HOW YOUR CONGRESSIONAL DELEGATES VOTED
For the week ending January 19
Contact your legislators at the U.S. Capitol Zip codes: House 20515, Senate 20510 Capitol operator: (202) 224-3121 By Voterama In Congress © 2018 Thomas Reports Inc. FUNDING TO KEEP GOVERNMENT OPEN:
Voting 230 for and 197 against, the House on Jan. 18 passed a GOP-drafted bill (HR 195) that would fund agencies from Jan. 20 through Feb. 16 while renewing the Children`s Health Insurance Program for six years. The measure was intended to avert a partial government shutdown at midnight the next day. It was the fourth stopgap bill offered by the Republican majority after having failed to garner enough votes to pass a regular budget for the fiscal year that began on Oct. 1, 2017.
A yes vote was to send the bill to the Senate. YES: PEARCE NO: LUJAN GRISHAM, LUJÁN
CALL FOR IMPEACHMENT OF PRESIDENT
TRUMP: Voting 355 for and 66 against, the House on Jan. 19 tabled (killed) a resolution (H Res 705) calling for the impeachment of President Trump based on “high misdemeanors” primarily involving the president’s inflammatory and defamatory Twitter postings and public and private statements. The measure was sponsored by Al Green, D-Texas, under a House rule that entitles any member, on two days’ notice, to offer a “privileged resolution” from the floor within broad limits on subject matter. There was no debate on the resolution.
A yes vote was in opposition to consideration of the impeachment measure.

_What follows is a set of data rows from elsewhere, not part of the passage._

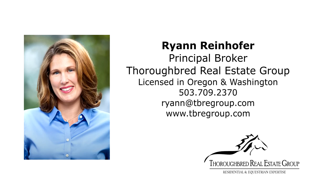To schedule a showing or for more information, please contact Ryan Reinhofer at 503-709-2370.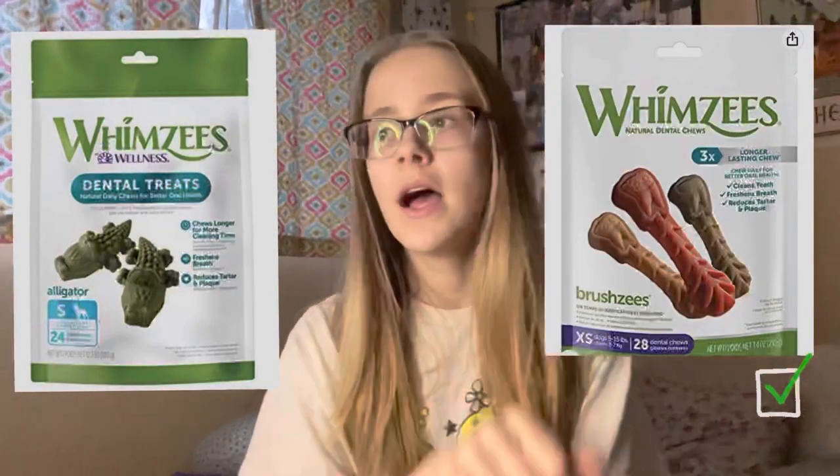Last and most important — and I think everyone in the hamster community knows about this — is Whimsies. Whimsies are super popular because they are probably the best chew to get your hamster. They are not wood, so your hamster is actually ingesting something while chewing on them, which really gets them to chew. There are so many different types; I would recommend not getting any with the white stuff on them — just get the alligators or the little toothbrush ones. Personally, every single hamster I've ever had or heard of likes Whimsies.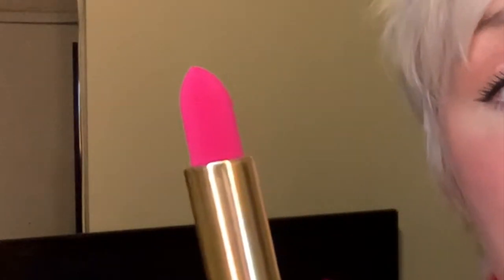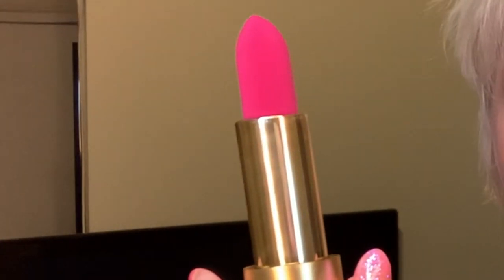My new favorite is the Lisa Eldridge lipstick in the shade Velvet Carnival. Doesn't it look like the most perfect piece of hot pink velvet? The formula is another unicorn formula — so comfortable. I'm not a huge fan of matte lipstick, but this I love. On my lips it looks like someone drew cartoon hot pink lips on my face — just the most beautiful lipstick coverage I think I've ever seen.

YES: LUJAN GRISHAM, PEARCE, LUJÁN
POST-ABORTION CRIMINAL PENALTIES: Voting 241 for and 183 against, the House on Jan. 19 passed a GOP-drafted bill (HR 4712) that restates a 2002 law intended to protect fetuses that survive an attempted abortion. The bill adds criminal penalties for doctors and nurses who fail to provide postabortion medical treatment defined by Congress. Existing law makes it a federal crime for any health practitioner to fail to provide adequate care to a fetus that is alive outside the womb following an attempted abortion. The law defines a fetus in those circumstances as a person with full legal protections regardless of their stage of development.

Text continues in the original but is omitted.